Unfortunately, they’re not so funny when your rent is overdue and you haven’t been paid yet. Income instability caused by late payments and nonpayment is an epidemic in the freelancing profession. A comprehensive survey titled “Freelancing in America: 2015” found that late payment is a key concern for freelancers, with 65 percent rating it “somewhat” or “very concerning.”

Sara Horowitz, founder and director of the Freelancers Union, writes: “In a nation of 54 million freelance workers, one in every two freelancers had trouble collecting payment in 2014. … And because freelance workers lack the same protections as traditional employees, many have little recourse for collecting on those payments.”

One in two freelancers reported facing difficulty collecting payments in 2014. According to Horowitz, “The average unpaid freelance worker loses almost $6,000 annually,” which translates to 13 percent of their total income.

Reasons for nonpayment or late payment vary, and sometimes they’re legitimate. But many register at a “dog ate my homework” level of believability. I’ve heard a lot of outrageous lines, but these five—all pulled from real-life cases—deserve a ranking in the excuse hall of fame.

1. “We don’t know who your editor was.”

Ilana Masad, a New York City-based freelance writer, recently received an email from an accountant who said Masad couldn’t be paid because the AP department didn’t know which editor she was writing for.

“The editor had been CC’d on my [original] invoice to the accountant,” Masad responded, and besides, “There is only one editor of the section where all my content was published.” It took getting on the phone and walking them through the payment process to get the firm to pay.

2. “Things didn’t go as planned.”

Michael Klug, the publisher behind luxury magazine Whitewall, emailed this one-liner to a freelancer who’d been waiting more than 12 months for a payment.

Klug had been paid $70,000 to create a branded magazine for Mandarin Oriental, the famous hotel chain.
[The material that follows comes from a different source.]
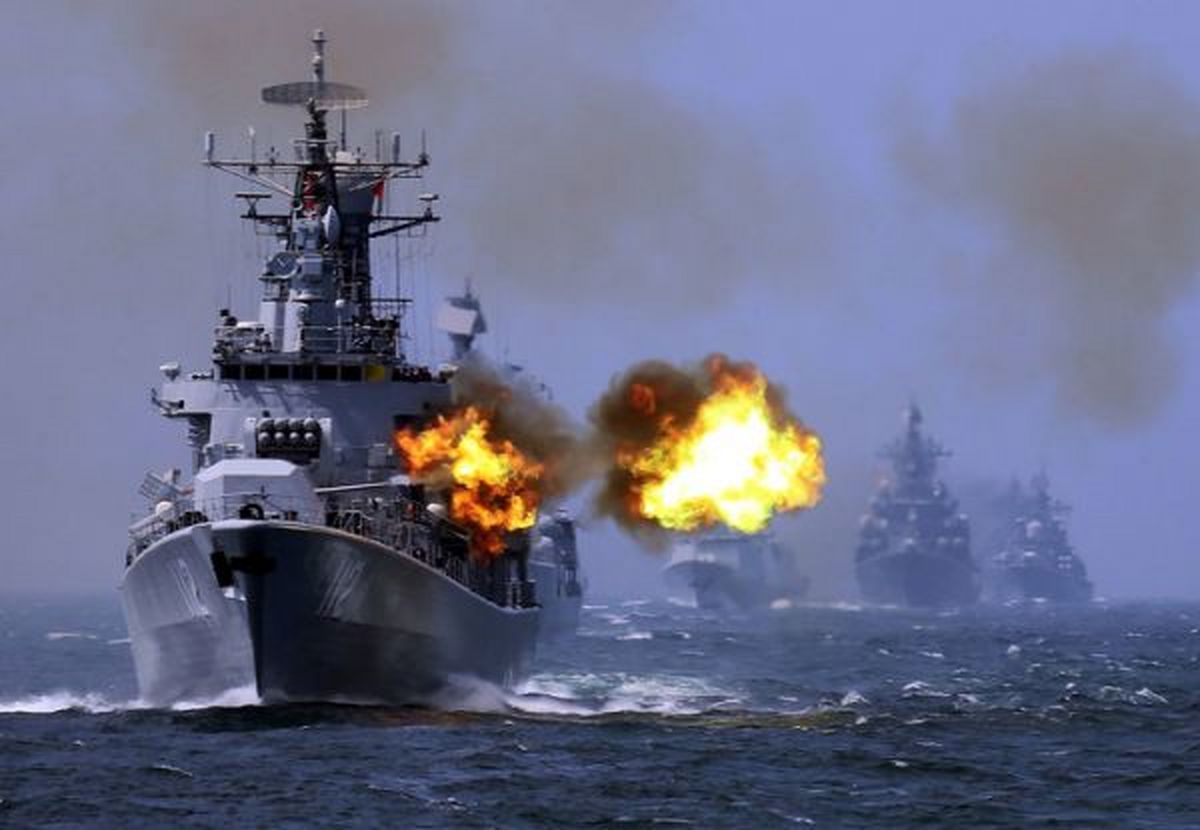 پاشنه آشیل نیروی دریایی ایالات متحده ؛ آمریکا در کدام نبرد دریایی شکست خورده است؟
But according to a writer who spoke to me on condition of anonymity, neither she nor other writers she’s been in touch with from the Mandarin project have been paid in full for their work.

Klug and Mandarian Oriental’s failure to pay writers even made headlines: The New York Post wrote about Klug, who insists he’s “not the bad guy here.” But for the contracted freelancers, it’s not clear who they should blame—nor to whom they should take their claims.

3. “The accountant in charge was on maternity leave.”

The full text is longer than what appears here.